Work to be completed: Write the lines below out exactly, dropping each picture.
Data block below:
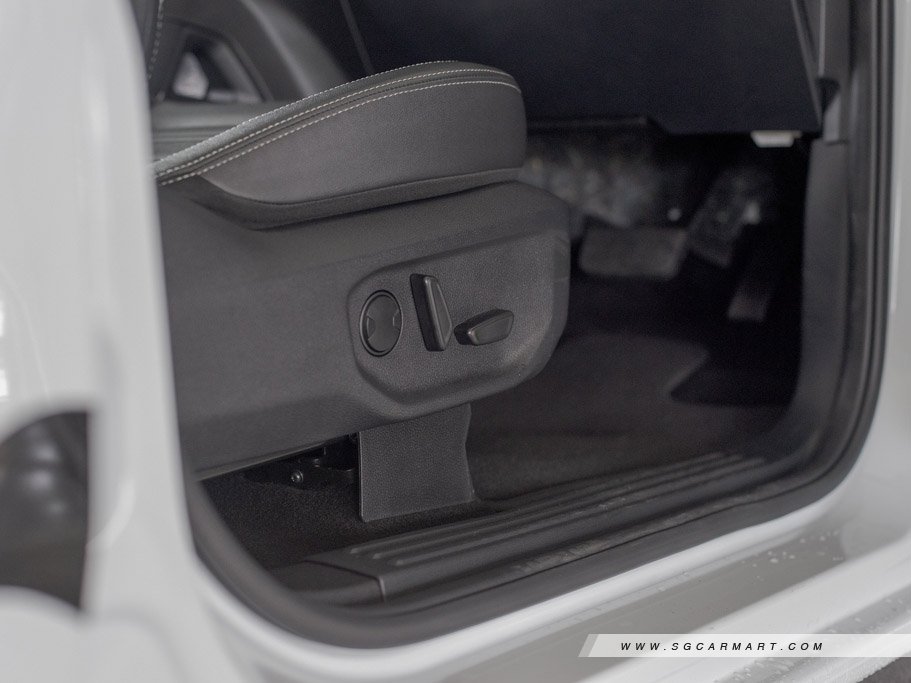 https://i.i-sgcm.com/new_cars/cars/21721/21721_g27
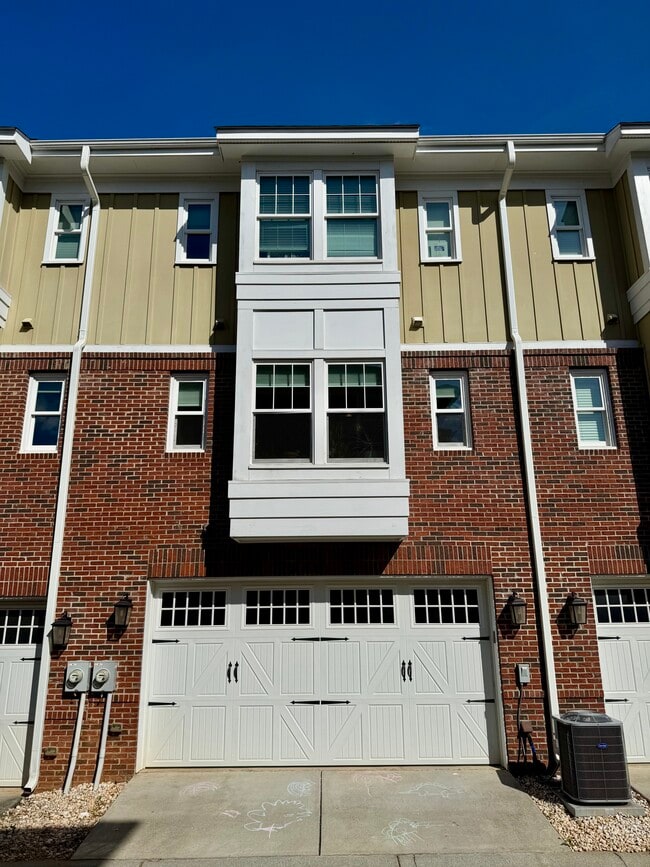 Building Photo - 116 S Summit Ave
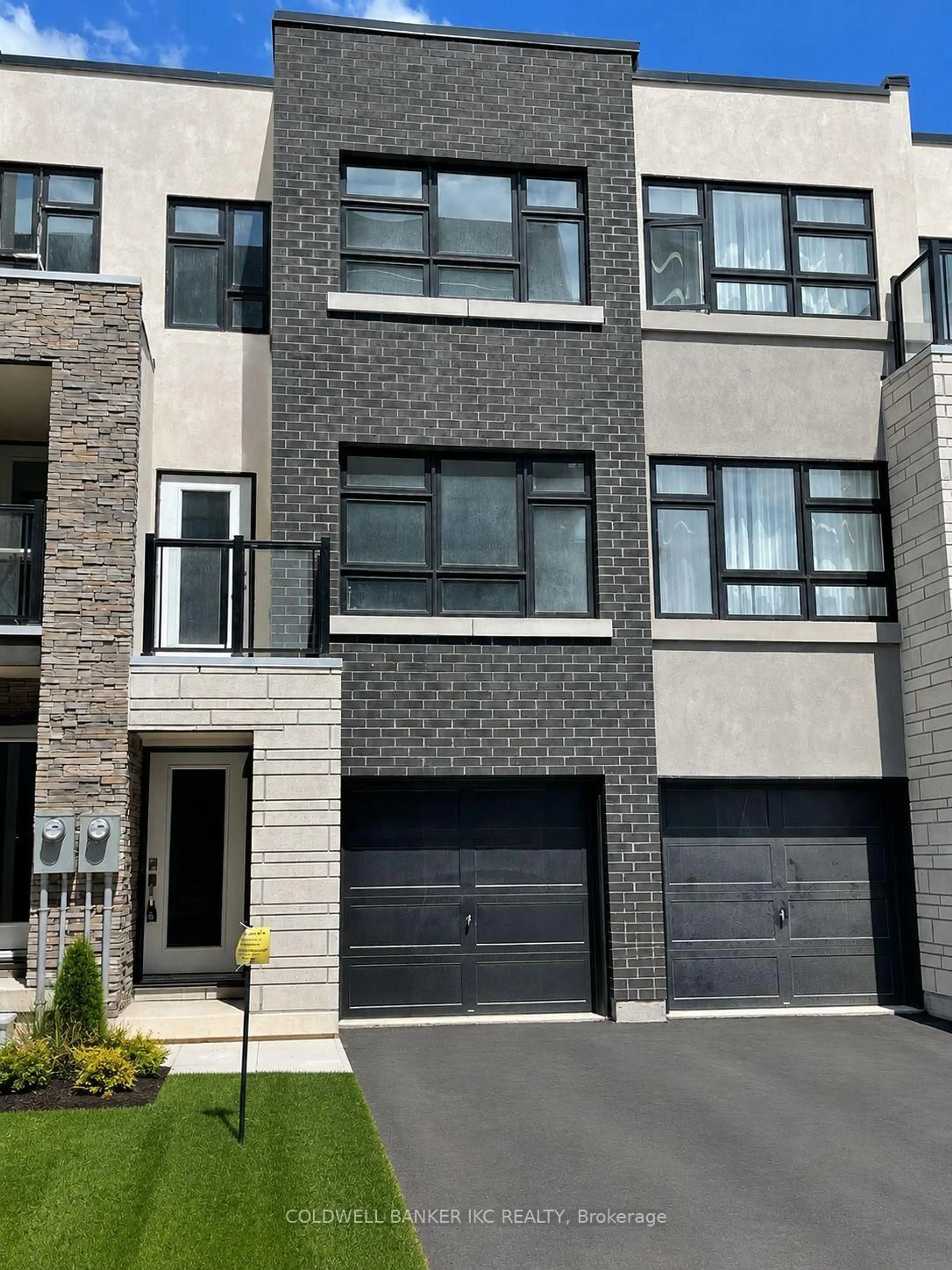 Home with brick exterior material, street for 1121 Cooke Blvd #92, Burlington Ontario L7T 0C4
End of Data block.
Response to this exercise:
 https://i.i-sgcm.com/new_cars/cars/21721/21721_g27
 Building Photo - 116 S Summit Ave
 Home with brick exterior material, street for 1121 Cooke Blvd #92, Burlington Ontario L7T 0C4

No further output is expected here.